When you live for a period of time in a new country, particularly if your own native language is not used widely or at all there, you essentially have to “force yourself” to hear, speak, read and possibly write the local language at all time. Besides, you will also be exposed to local views, habits, and quirks that shape the vocabularies; you’ll have a better understanding of the language elements and how meanings may change in different context.
That is not to say learning a language on your own elsewhere is absolutely pointless. If anything, dedication and motivation will still get you far and you may eventually be as fluent as a native speaker; it may just take a while to get there.
Here are some ways you can expedite your new language learning aside from packing your bag and browsing for cheap flights to move to a new country:
1. Surround Yourself With The Language
Yes, immersing yourself in the language is still the key here. This can include listening to music, watching movies or TV shows in the target language. Bonus: the wording and terms that the media uses will keep you updated on the culture.
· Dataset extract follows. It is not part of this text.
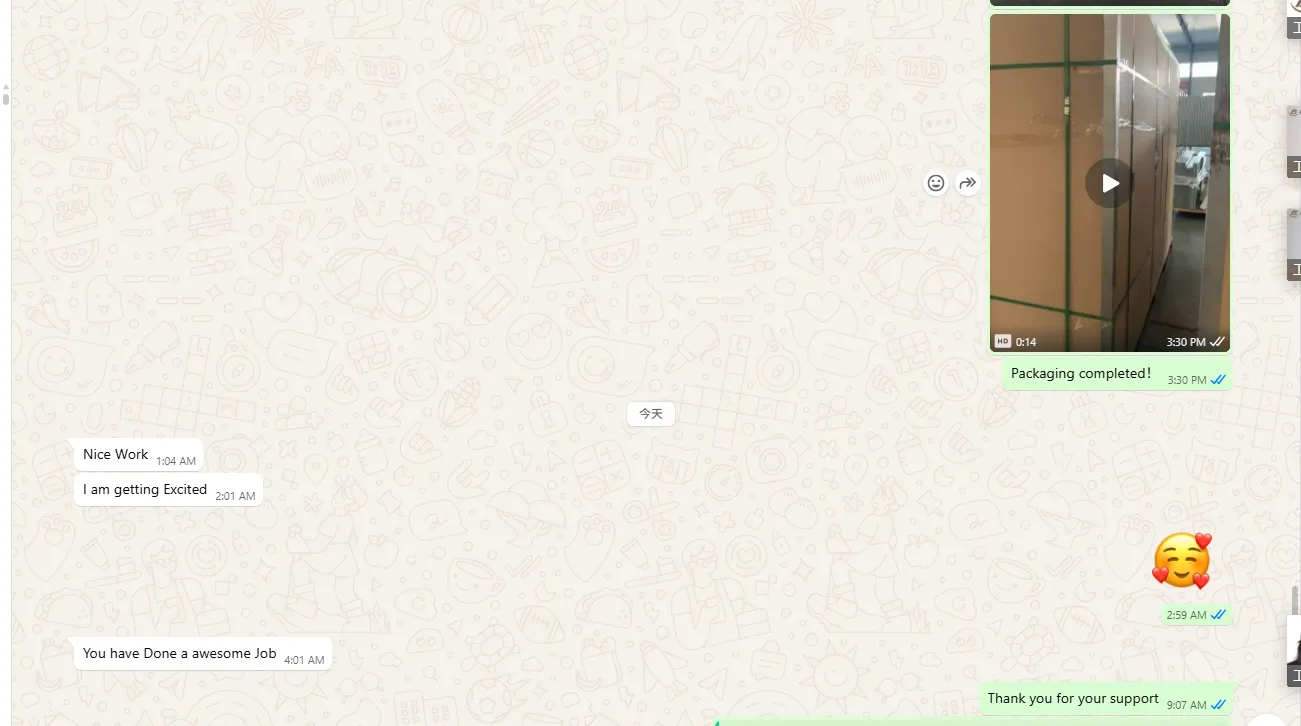 Üle ootuste elamus! Viie tärni soovitus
2. Connect With Other Language Learners
It can be helpful to connect with other people who are also learning the language, whether through a language learning community or a study group. Aside from providing you partners to practice with, this can provide support, motivation, and a sense of camaraderie as you learn the language together.
3. Seek Out Native Speakers
Find expat communities that speak the language you’re trying to learn. Some of them may be willing to tutor you or agree to a kind of exchange: you teaching them your language while they teach you theirs.
When you engage native speakers to help you, you not only improve your pronunciation and vocabulary, you’ll also be able to ease into more a natural conversational pace.